» **EXERCISE GOAL**:
Set down each line of the material that follows exactly, and leave its pictures out.

» **DATASET CONTENT**:
-=-=-
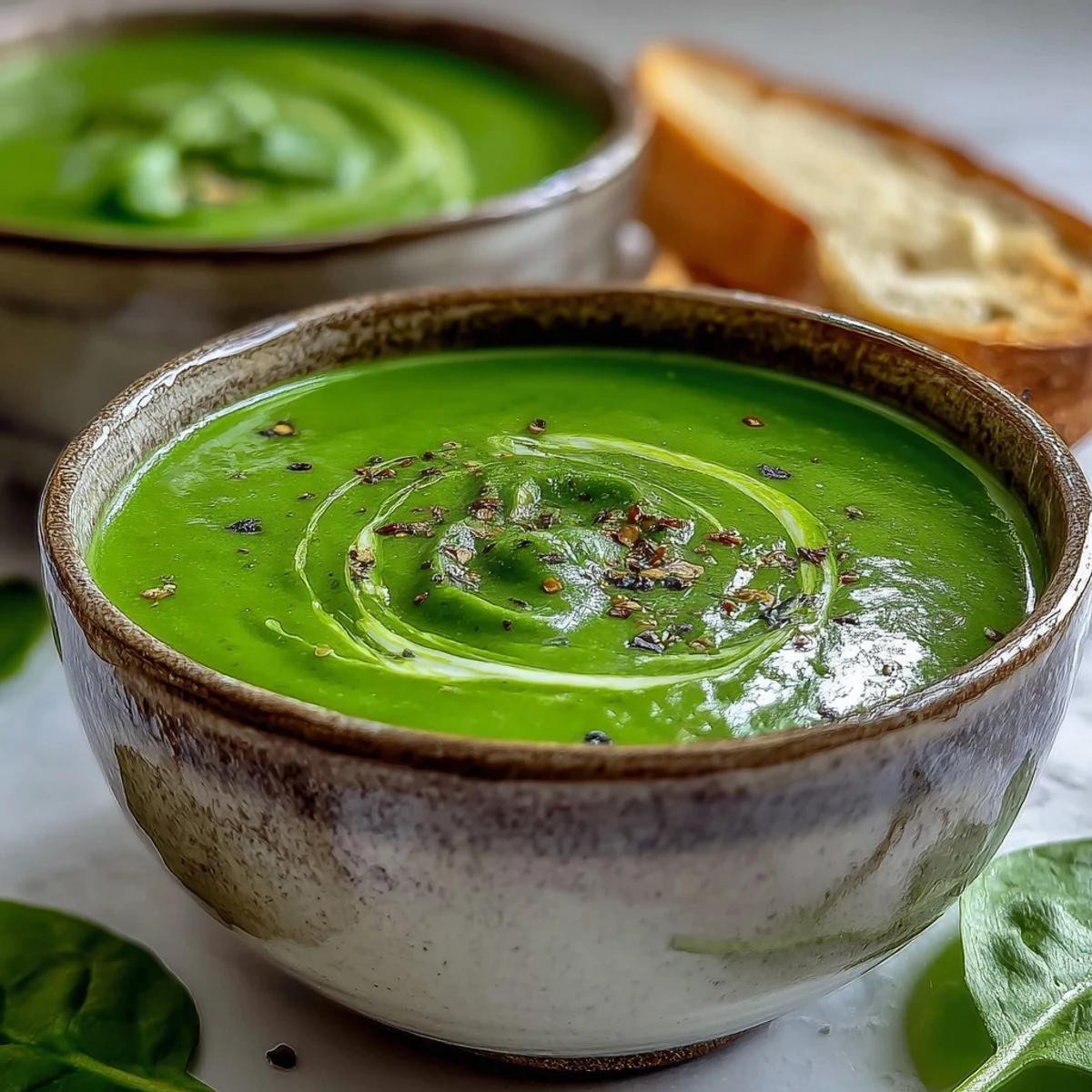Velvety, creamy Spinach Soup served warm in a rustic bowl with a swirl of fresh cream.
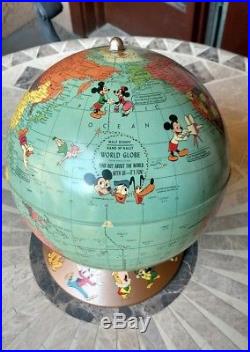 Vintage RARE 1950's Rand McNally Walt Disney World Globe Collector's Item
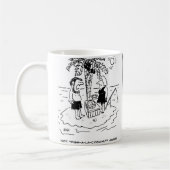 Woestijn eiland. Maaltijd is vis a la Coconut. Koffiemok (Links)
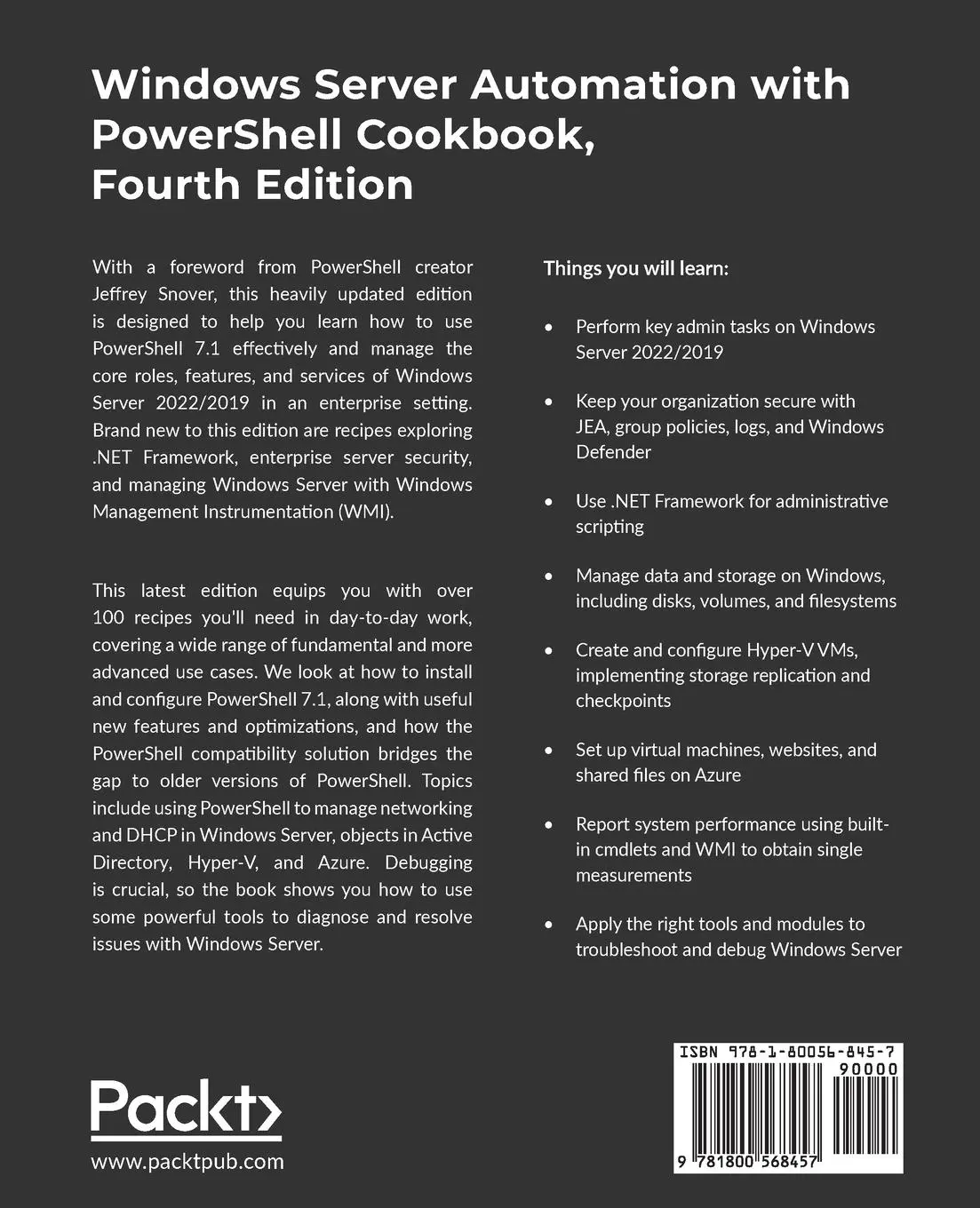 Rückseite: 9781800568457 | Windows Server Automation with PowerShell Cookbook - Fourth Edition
-=-=-
» **FINAL ANSWER**:
Velvety, creamy Spinach Soup served warm in a rustic bowl with a swirl of fresh cream.
 Vintage RARE 1950's Rand McNally Walt Disney World Globe Collector's Item
 Woestijn eiland. Maaltijd is vis a la Coconut. Koffiemok (Links)
 Rückseite: 9781800568457 | Windows Server Automation with PowerShell Cookbook - Fourth Edition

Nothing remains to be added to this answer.